Short text fragments from websites

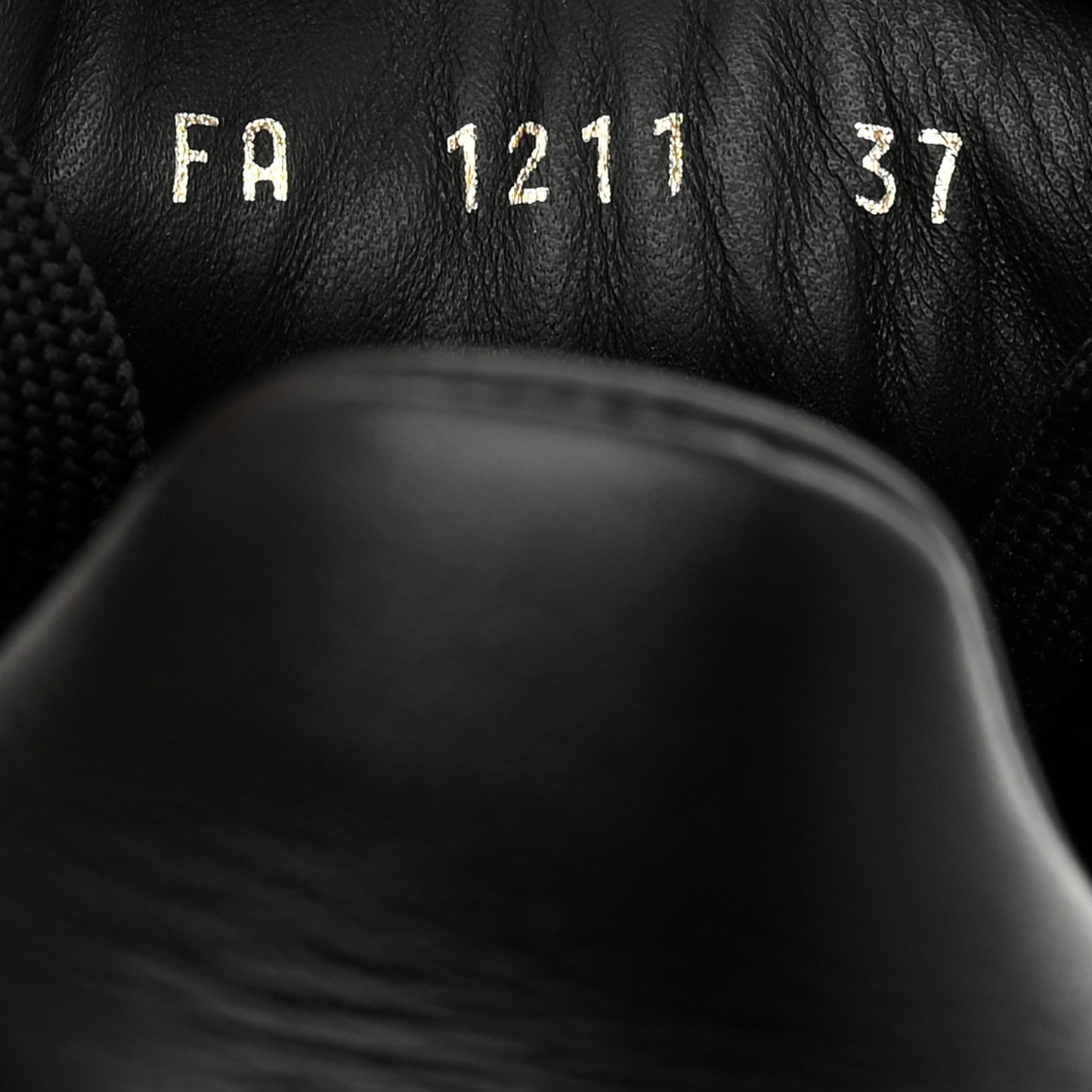 Calfskin Time Out Sneakers 37 Black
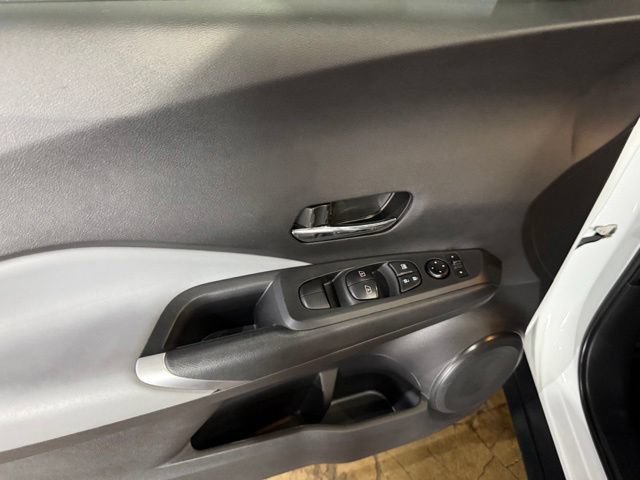 Used 2023 Nissan Kicks SR w/ SR Premium Package FWD image 12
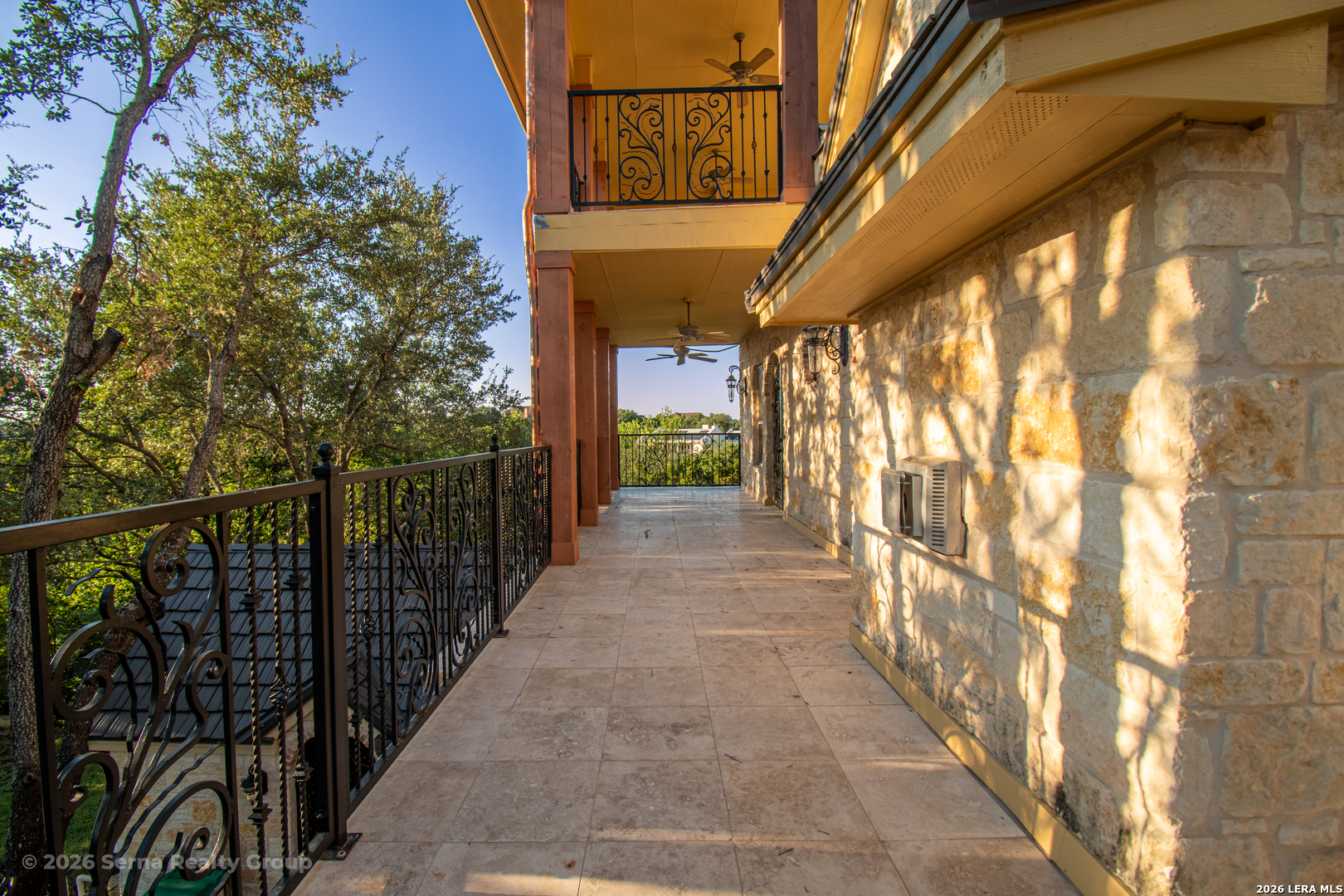 15619 Gray Oak Helotes TX 78023
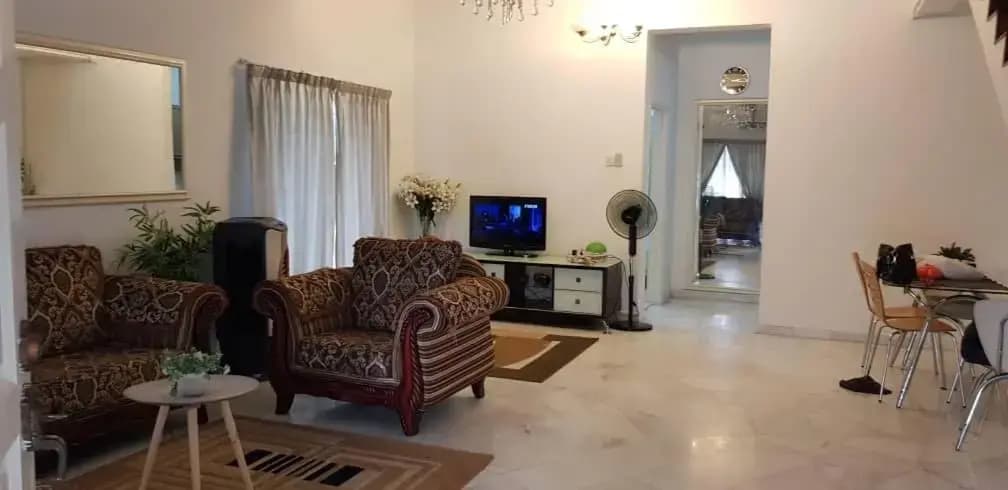 Tun Perak Homestay - photo 1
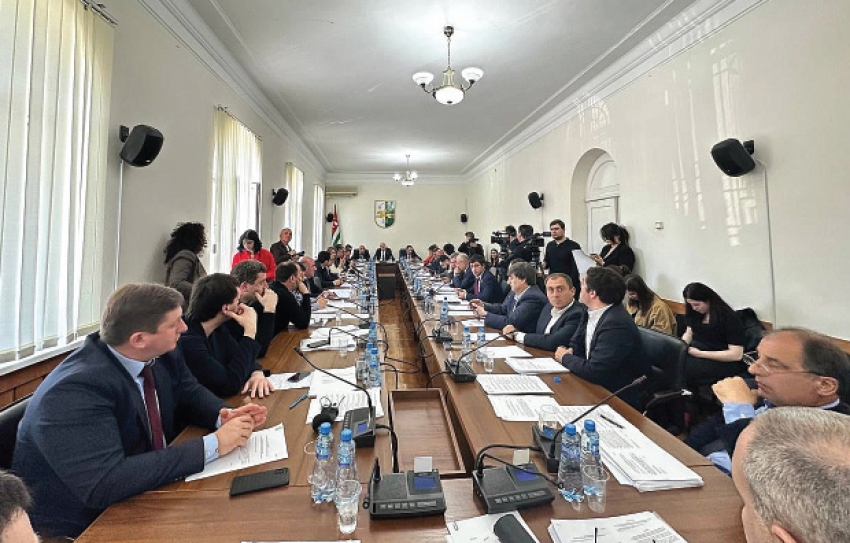 Аԥсны Жәлар Реизара аилатәара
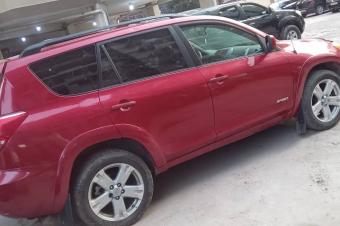 TOYOTA RAV4 VERSION CANADIENNE A VENDRE 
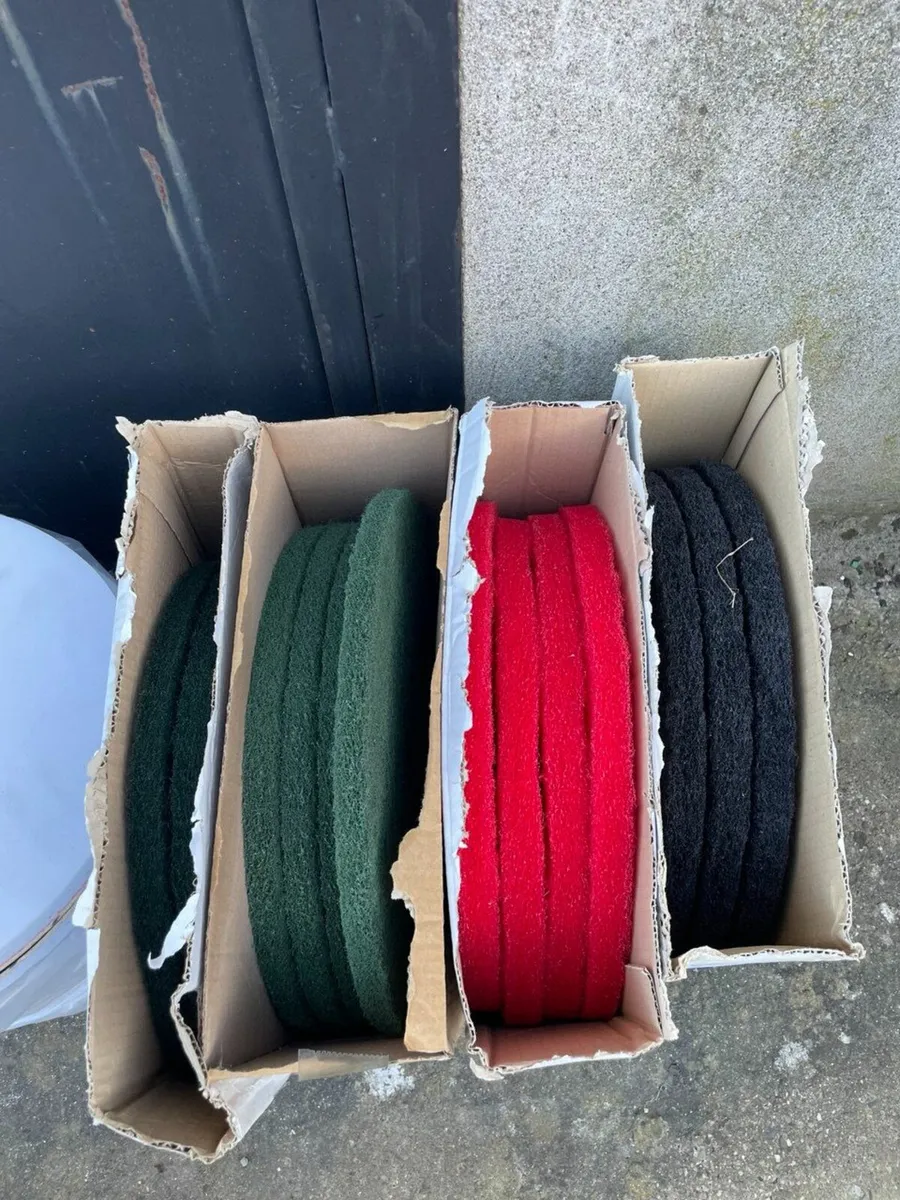 Floor Pads 17″ – Mixed Types – New (25 Sets) - Image 2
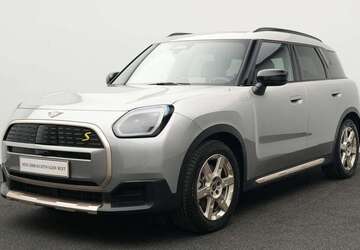 Mini Countryman SE All4 4.803 km 41.418 &euro; München 80788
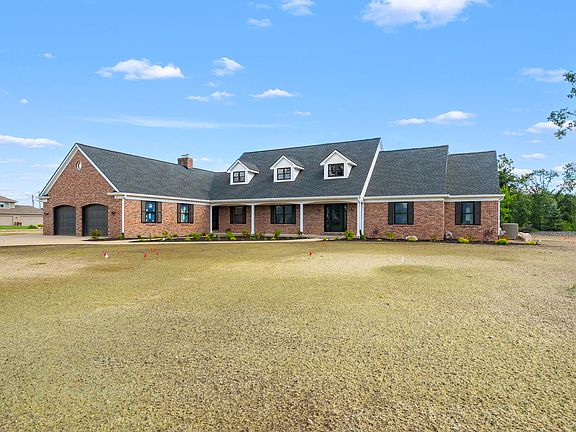 2nd image of 5217 Green Pine Ln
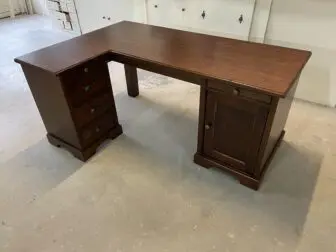 koloniaal bureau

_WORK TO COMPLETE_
Would you retype every record above exactly, leaving out the pictures?

_WRITTEN SOLUTION_
 Calfskin Time Out Sneakers 37 Black
 Used 2023 Nissan Kicks SR w/ SR Premium Package FWD image 12
 15619 Gray Oak Helotes TX 78023
 Tun Perak Homestay - photo 1
 Аԥсны Жәлар Реизара аилатәара
 TOYOTA RAV4 VERSION CANADIENNE A VENDRE 
 Floor Pads 17″ – Mixed Types – New (25 Sets) - Image 2
 Mini Countryman SE All4 4.803 km 41.418 &euro; München 80788
 2nd image of 5217 Green Pine Ln
 koloniaal bureau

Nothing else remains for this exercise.